# Watching people die



## bazinga (Jun 9, 2010)

I used to spend at least an hour a day watching death/gore videos for months when I was in college. I don't know why I spent so much time on that site. I frequented that site until it got shut down years ago.

I stay away from those kinds of sites now. They didn't used to bother me, but now I have problems with violence getting stuck in my head. I don't know if there is a connection. Makes me feel like a bad person.


----------



## bazinga (Jun 9, 2010)

I wonder if that is considered some kind of disorder. I used to watch ultra violent stuff almost obsessively. I stopped years ago but I still think about very violent stuff daily. Ive mentioned it to a few counselors but I don't think they know what to think.

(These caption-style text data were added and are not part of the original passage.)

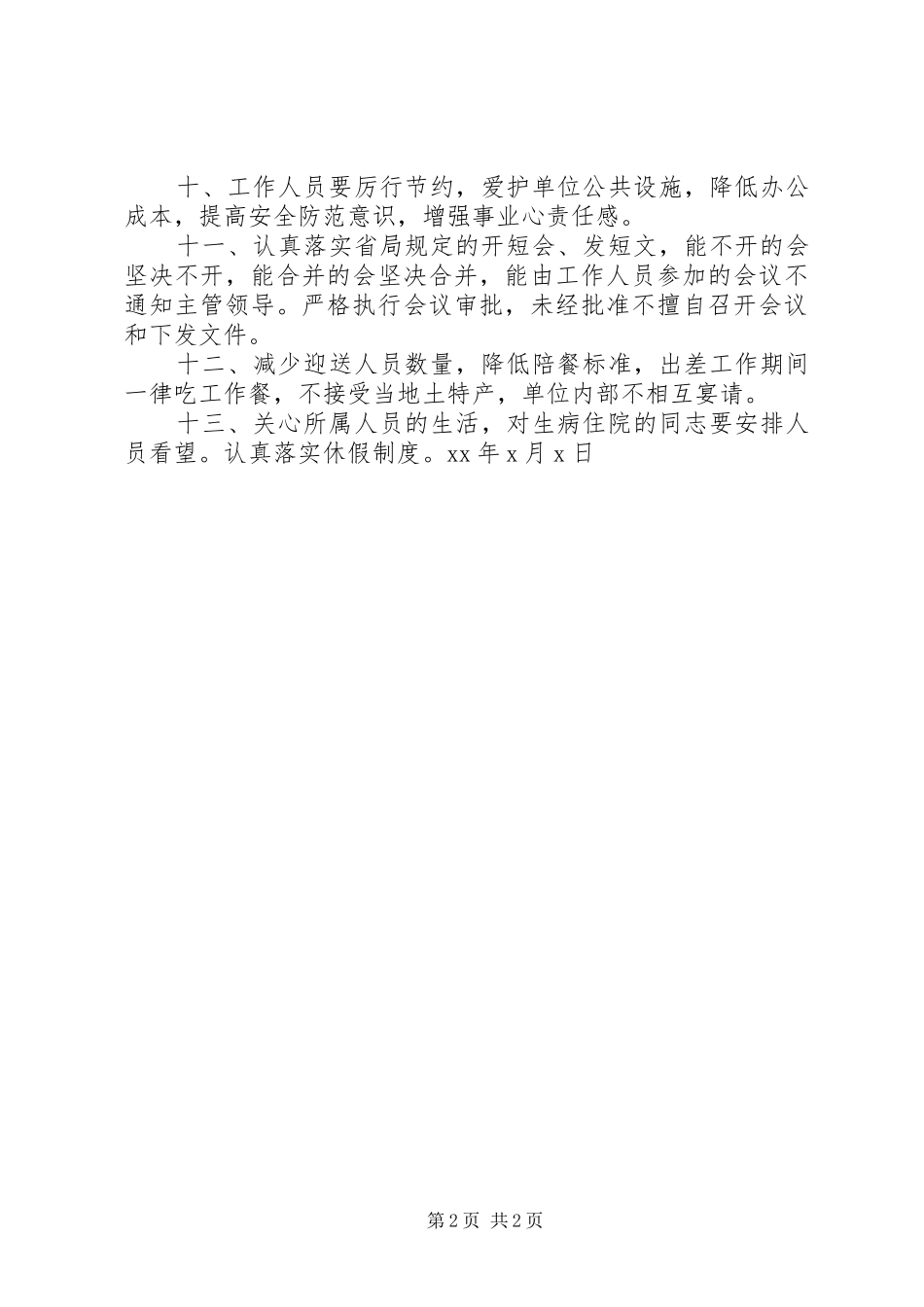 2024年计量处效能建设承诺书_第2页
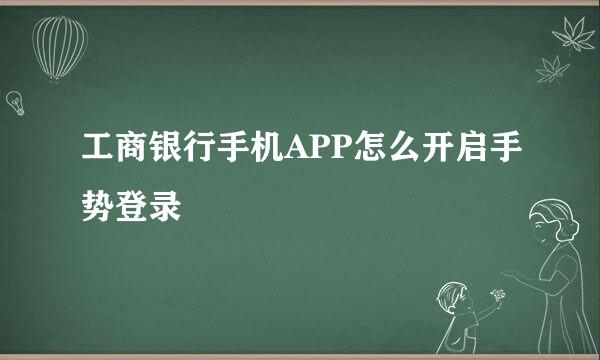 工商银行手机APP怎么开启手势登录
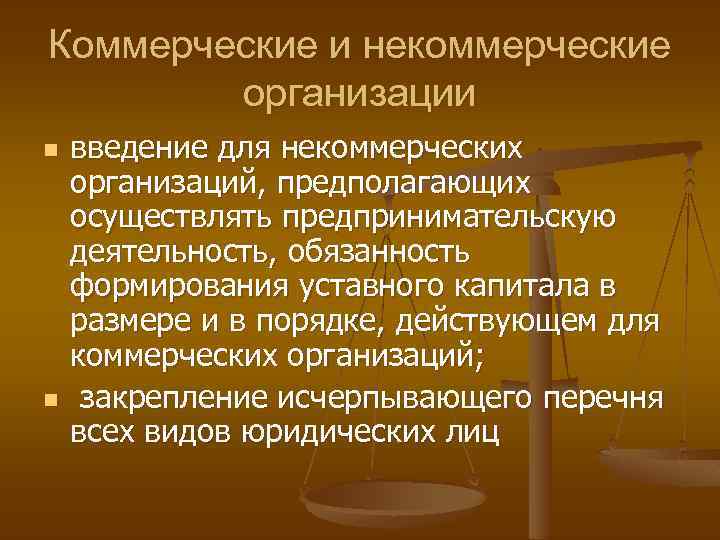 Коммерческие и некоммерческие организации n n введение для некоммерческих организаций, предполагающих осуществлять предпринимательскую деятельность,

I wish I had never looked at that stuff. I think it can mess with your mind.


----------



## OGKush (May 3, 2011)

lol I have watched so many gore videos the last couple days I think im desesinsitized... I honestly thought humans werent capable of stuff like that... like those beheadings alive with a knife... or the aftermath of a machete fight... crazy stuff..

but I dunno if it has messed me up, just opened my mind a little, oh and now im ****ing terrified of car accidents after watching this guy get dismembered and he was still alive.. :/


----------



## bazinga (Jun 9, 2010)

Ive seen hundreds of deaths. I became desensitized to it. The website I went to got shut down and I stopped. There have been a few times where I have looked at one or two videos but it doesn't interest me now.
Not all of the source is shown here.